Camp continues thanks to McDonald’s
The Salvation Army and McDonald’s franchises partner to keep camp open for kids.
The Salvation Army in Western Australia is partnering with McDonald’s franchises for three years to operate the Army’s summer camp for underprivileged children aged 10-13.
McDonald’s first came to the rescue in 2010, when the Army’s camp was in trouble. Unable to support the facility due to funding cuts, the Army had considered closing it. To prevent this scenario, local McDonald’s franchise owners each donated money and the camp resumed its summer program.
Camp activities include abseiling (rappelling), canoeing, mountain bike riding, bushcraft (wilderness skills), archery and an adventure course. Other events focus on team-building exercises, group discussions and challenges meant to develop leadership skills, improve self-esteem, foster interpersonal skills and encourage teamwork.

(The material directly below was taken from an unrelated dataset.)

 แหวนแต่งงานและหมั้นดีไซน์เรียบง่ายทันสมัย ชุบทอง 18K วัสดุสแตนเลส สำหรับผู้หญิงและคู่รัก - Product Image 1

Camp director Elaine Jensen said one of the most exciting aspects of the program is how past campers return to mentor the new ones.
“That’s really encouraging for us as it shows the program is truly doing its job,” Jensen said. “It’s a program providing a holistic leadership track. Each one of our campers has something to contribute to society, whether on a local level or larger scale, and it’s just a matter of giving them some essential skills to realize their potential and bring those leadership qualities—and other abilities—to the fore.”
McDonald’s owners’ funding not only enabled the youth camp to continue, but helped to establish a junior camp in 2011.